Actually, I haven't been writing as much in the past few months, but some of it may be due to Algorithmia. I'm with you on not resorting to the White Hat/Black Hat scenario. I think that's a huge mistake that robs people of their humanity and sets up a zero-sum dynamic (although that is in large part what patriarchy is about - that zero-sum thing, one of the reasons that I find issues with it).
"Either Bryant was a magnetic basketball luminary who inspired so many and caused grown men to publicly weep upon hearing of his death, or he was just another clueless and entitled star athlete who took what he wanted from a woman, under the assumption that if that’s what he wanted, she must want it too. The problem arises when you can’t accept that he was actually both of those things. Kobe Bryant was neither an angel nor a demon, but instead, a flawed human being.
But again, this story isn’t really about Kobe Bryant and I’m not trying to be an apologist for him in any way. That’s just a useful illustration of how we cannot truly pigeonhole most people as “good people” or “bad people.” There are too many factors that complicate that kind of blanket and binary characterization, and if we have to choose between only “white hats” and “black hats” then quite often it is the victims who get characterized as being the bad ones. They have tarnished the perfect image of a known “white hat” so they must themselves be evil. Based on the death threats and other forms of vilification that this woman faced for speaking up in the Bryant case, that is exactly how it went. We all know that he was good, so she must be the one who was bad.
The other issue is that when we decide that someone wears a “white hat” it blinds us to the possibility of them actually doing something that is harmful. It took 60 women to bring down Bill Cosby and that’s because we were all so sure he was a good guy, that it was inconceivable that he could have done such bad things until the evidence against him was too overwhelming to ignore any longer. When we frame people in this type of binary, it creates a cover for those who have the veneer of wearing a white hat so that some of them can actually perpetrate really bad things undisturbed and unquestioned.
This was also the case of beloved British TV personality Jimmy Savile, who had been knighted and was well respected for his charity work. After his death, it came to light that Savile had sexually abused hundreds of individuals, both male and female, all the way from children to adults over his life and career. How did he get away with that for so long? People overwhelmingly believed he was a “white hat.”
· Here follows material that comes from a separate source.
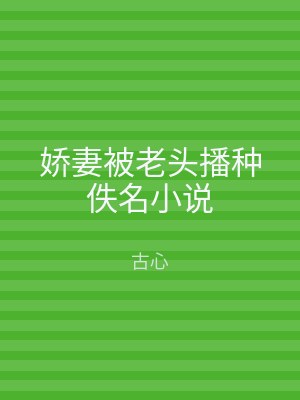 娇妻被老头播种佚名小说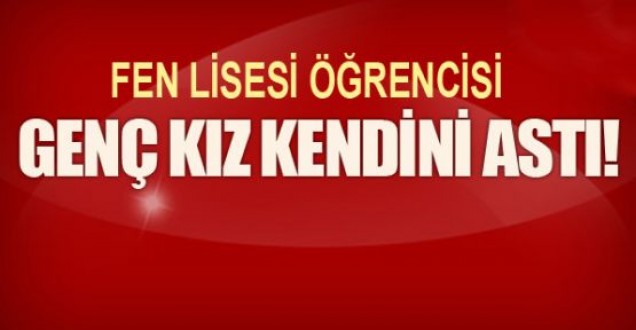 Liseli genç kız kendini asarak intihar etti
Reducing people to labels makes it a bit easier to sort them into categories so that we don’t have to actually do much conscious thinking, but it also wreaks a lot of havoc, particularly within a society that tends to blame victims for their own troubles. Human beings are full of vices, foibles, and weaknesses. There may be some who have no socially redeeming qualities whatsoever, whom we could feel pretty justified in classifying as bad, but those people are in the minority. Most people cannot be so neatly categorized."